The evolution of English government (and a parallel study of English History) shows a process by which political power became consolidated and wielded by one ruler. This was actually a necessary phase for England to become a country and a nation. Indeed, claiming the sanction of heaven through the political argument of the Divine Right of Kings served the executive powers of the king, or monarch, to justify his or her role in the Great Chain of Being. By the time of Medaeval England, the notion of "Divine Right" had been seriously questioned, and as embodied in the Magna Carta, had been curtailed. In effect, this document began the process of disseminating the absolute monarchy, and establishing a judicial and legislative branch of government separate from the executive. By the time of Renaissance England, the notion that not only was the monarch not absolute, but was also not above the law reflected the shift in power towards the legislative, specifically through the institution of Parliament. Democracy, where the people have say in the workings of government, became more prominent; Parliament became supreme over the monarchy. The notion that any "freeman" could have a vote and a political say reflected the trend towards individual freedom. America inherited this evolving British concept of government, and contributed the notion that if you didn't like the way you were governed, you could, and had a moral obligation to change it. The "parliaments" or legislative bodies of the colonies were sadly ignored and sidelined by the Parliament of London, and, by asserting the English notion of self-governance, broke away. In his Declaration, Thomas Jefferson refers to "our English Brethren" and, as colonists claiming the rights of Englishmen, asserts the notion of the governed to alter or abolish the government should they see fit to do so.

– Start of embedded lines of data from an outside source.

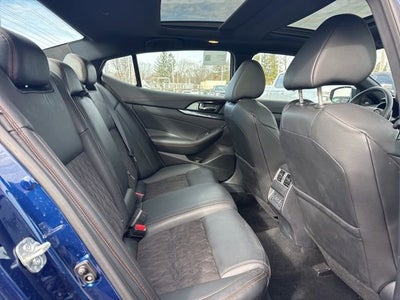 2020 Nissan Maxima SR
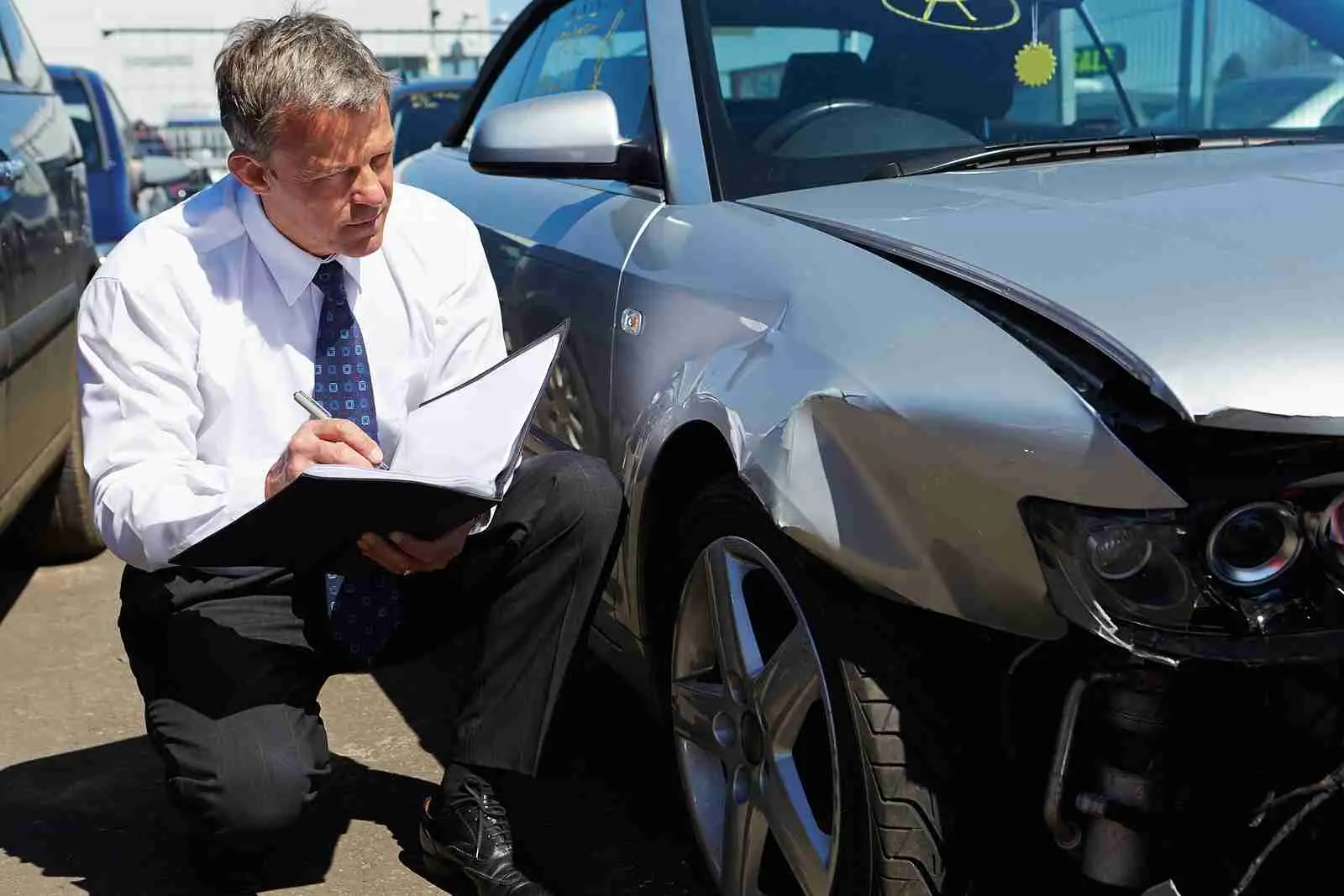 Should You Talk to Insurance Adjusters After a Car Crash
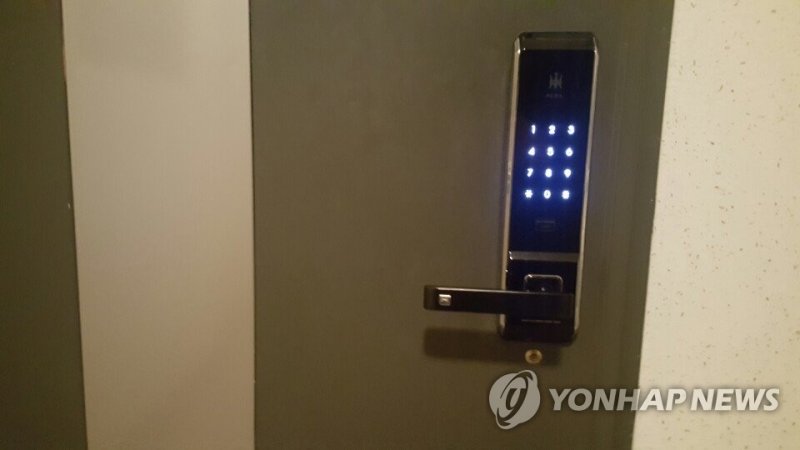 '배달 완료' 알람 받고 문 열었는데 사라진 음식, 범인은..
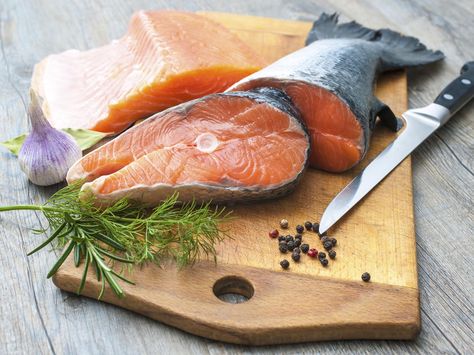 Raw Salmon, Salmon Farming, Wild Caught Fish, Wild Caught Salmon, Salmon Skin, Alaskan Salmon, China Food, Salmon Fish, High Fat Foods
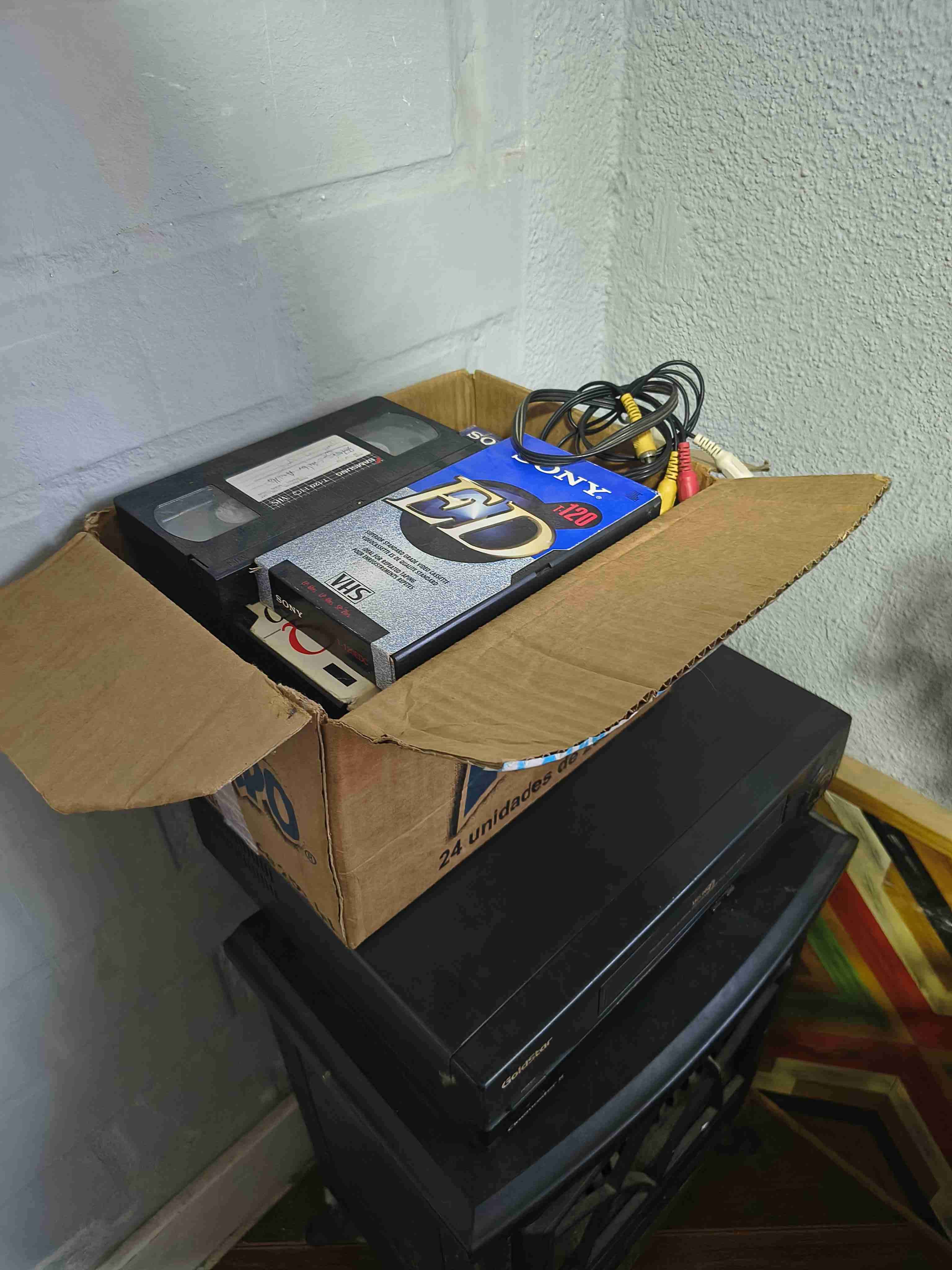 Reproductor VHS GoldStar Cinemaster - miniatura 3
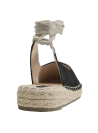 Alpargata de cuero negro para mujer, con detalles en beige, ideal para un look casual.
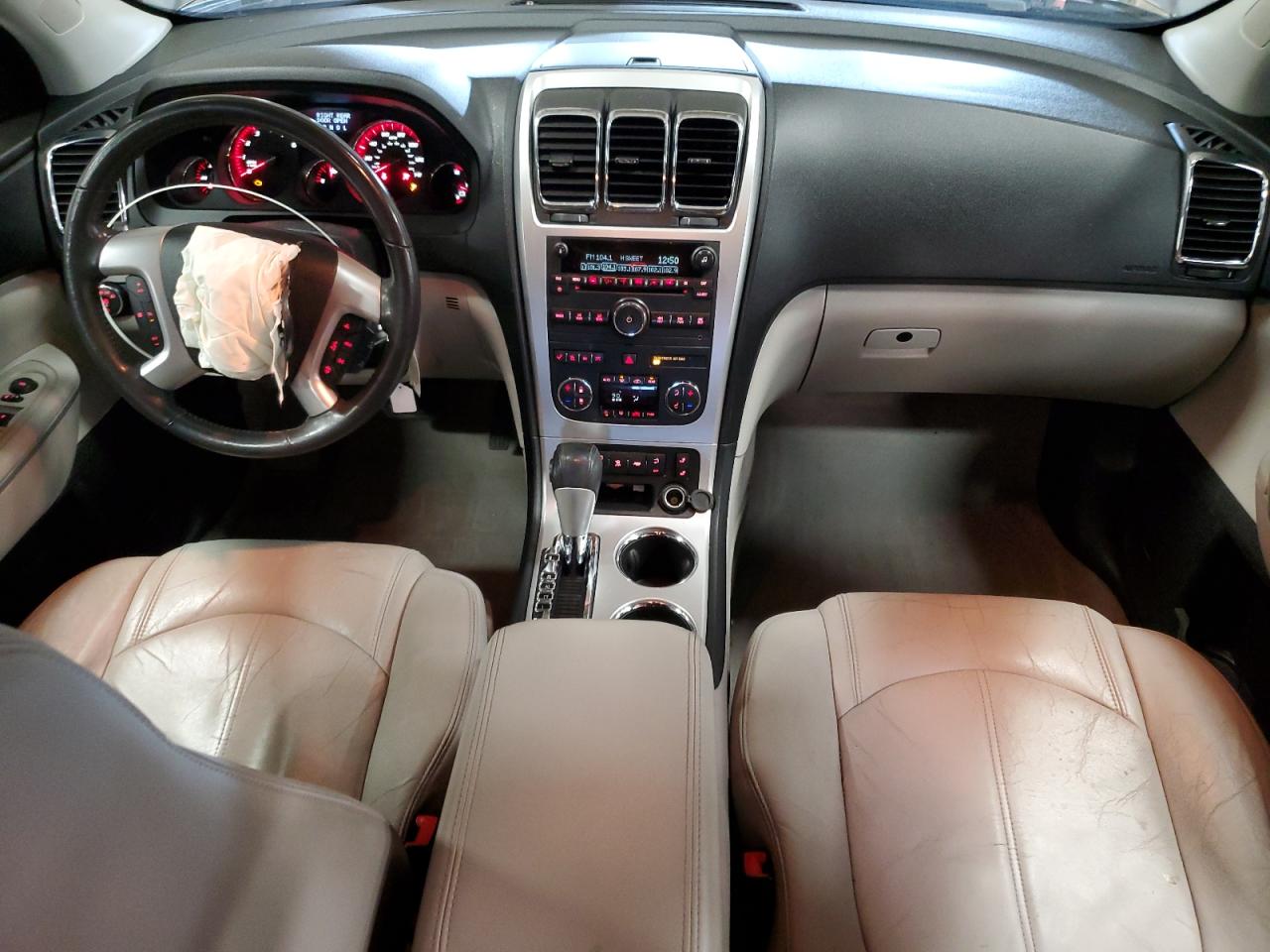 2011 GMC Acadia - Image 8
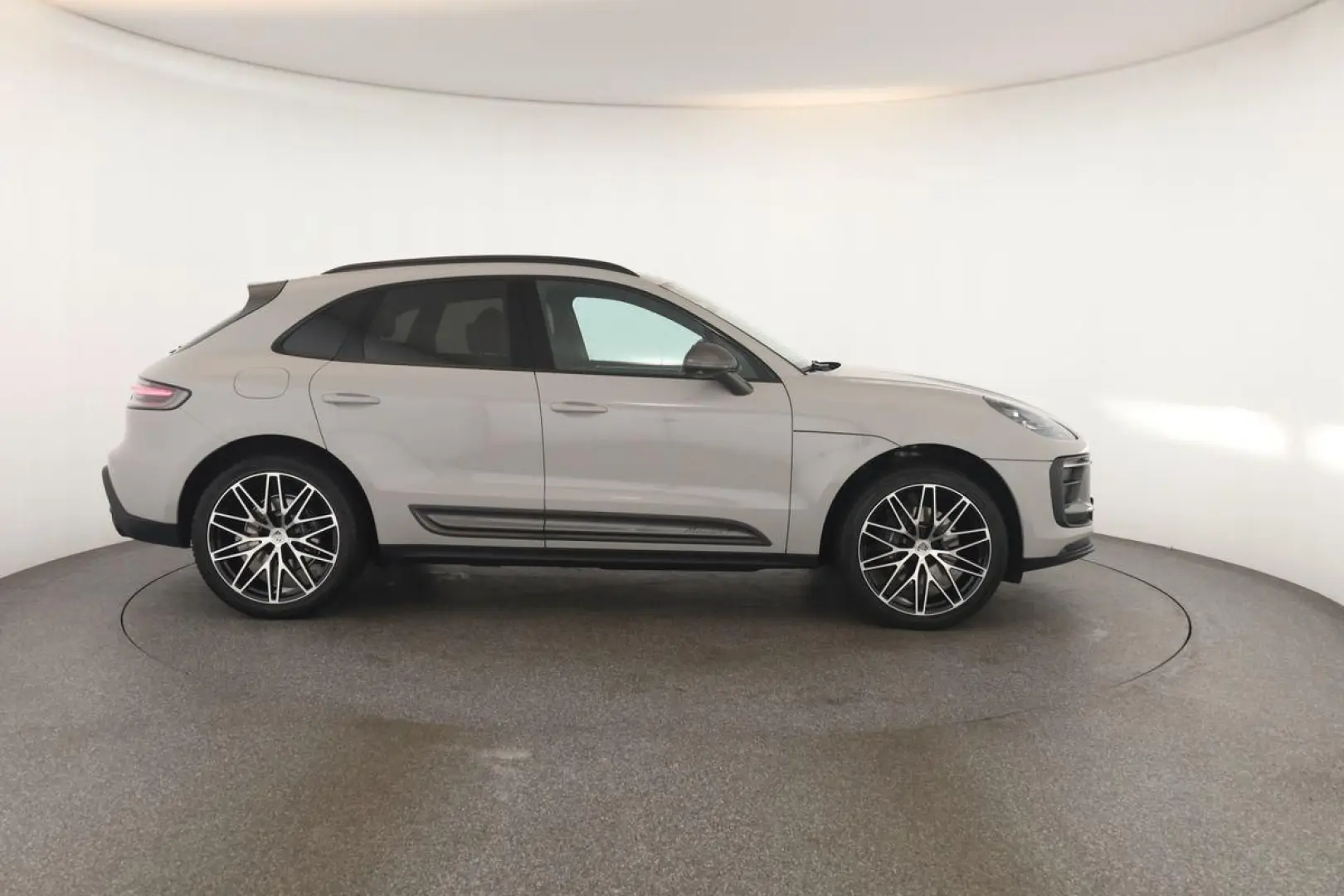Macan T PDLS+ Pano ACC Key 360 Sportabgas 21 AHK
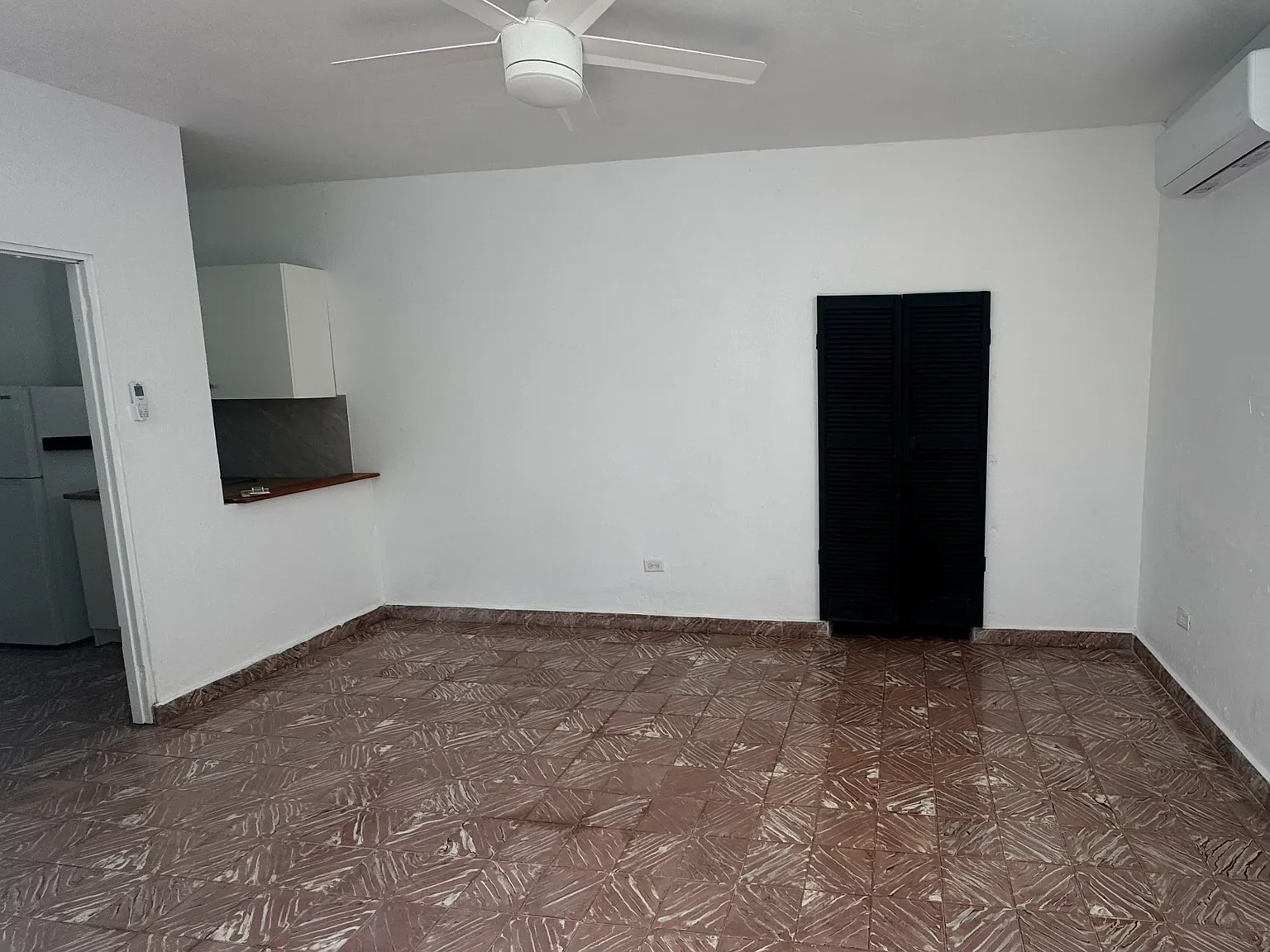 1 bed, 300 sqft, $800 — Photo 2
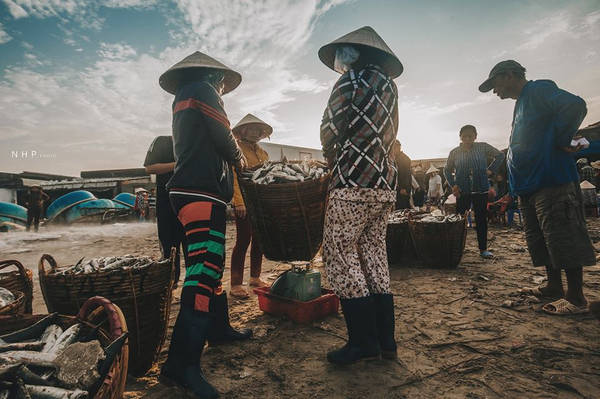 Tuy công việc có cực nhọc, vất vả, mồ hôi có thấm ướt lưng áo, người dân luôn vui vẻ, với nụ cười luôn nở trên môi. Từng nhóm nhỏ làm việc cùng nhau rôm rả với những câu chuyện thường nhật.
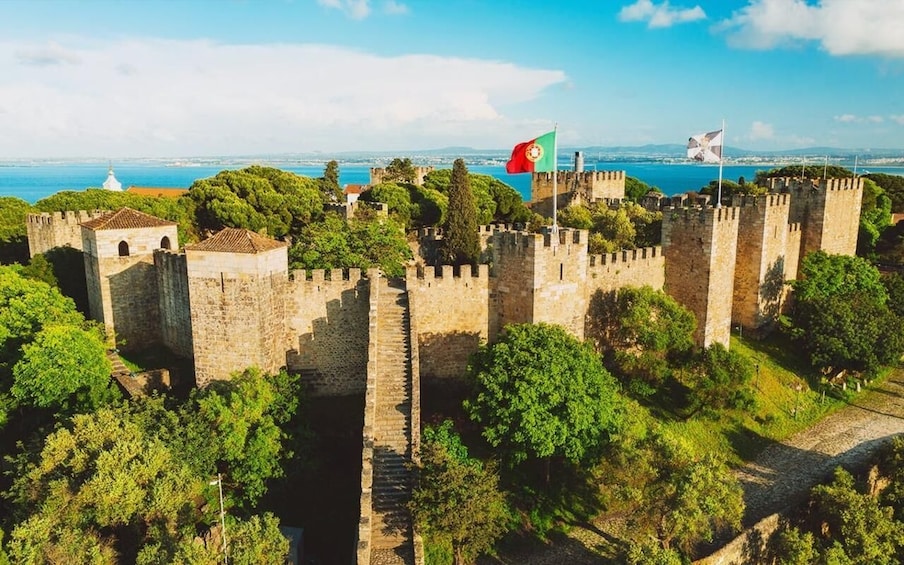 Lisbon: São Jorge Castle Skip-the-Line Entry with Audioguide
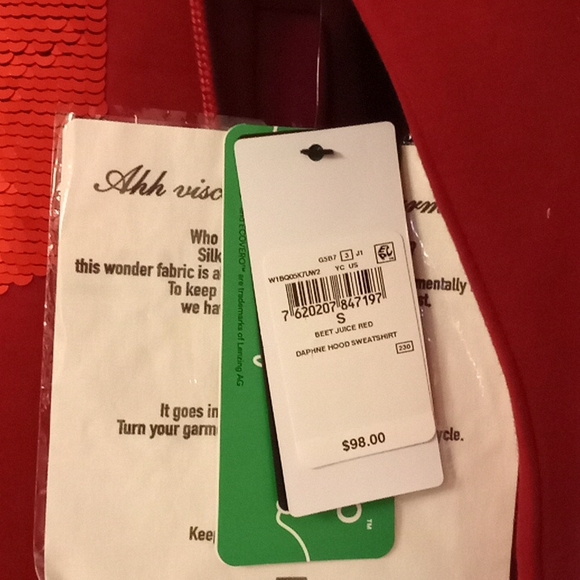 GUESS Beet Juice Red Sweat Suit - Picture 4 of 8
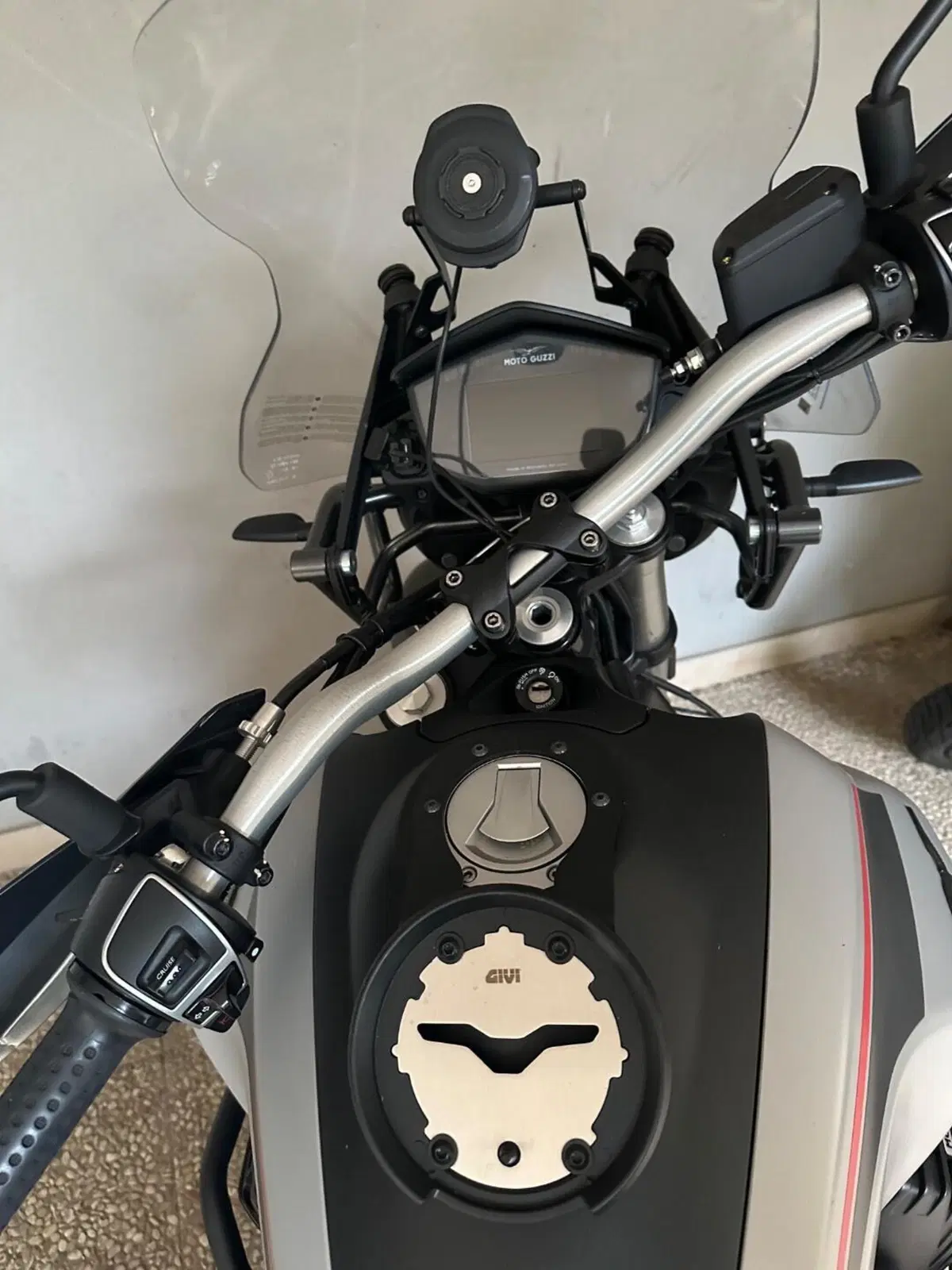 Moto Guzzi V85 TT (2021 - 23) (4)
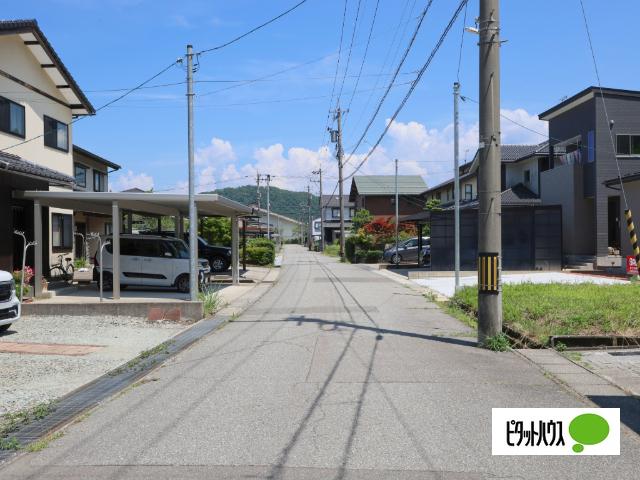 北側前面道路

There will be many approaches to answering this question. Certainly, one way would be to suggest how American political thought was represented from English notions of the good. I think that one way this was present was in the American form of legislation. Drawing from the British bicameral system, the legislative branch consisting of an "upper" and "lower" manifestation (Senate and House of Representatives) draws from the British tradition of Lords and Commons. Another parallel from British law came from the Magna Carta and the English Bill of Rights, documents whose principles became an embedded part of the American political tradition. Rights and entitlements such as inalienable rights that must be safeguarded by government, as well as the notion of equality before and within the law, and the notion of habeas corpus (being aware of criminal charges) are elements that have become bulwarks of the American form of government. In terms of theoretical approaches to government, John Locke's English tradition of Enlightenment teachings were absorbed by the framers in the development of both the Declaration of Independence and the Constitution. The ideas of a social contract between rulers and their citizens as well as a sphere of freedom that cannot be vitiated are foundational teachings that were appropriated in the composition of American government.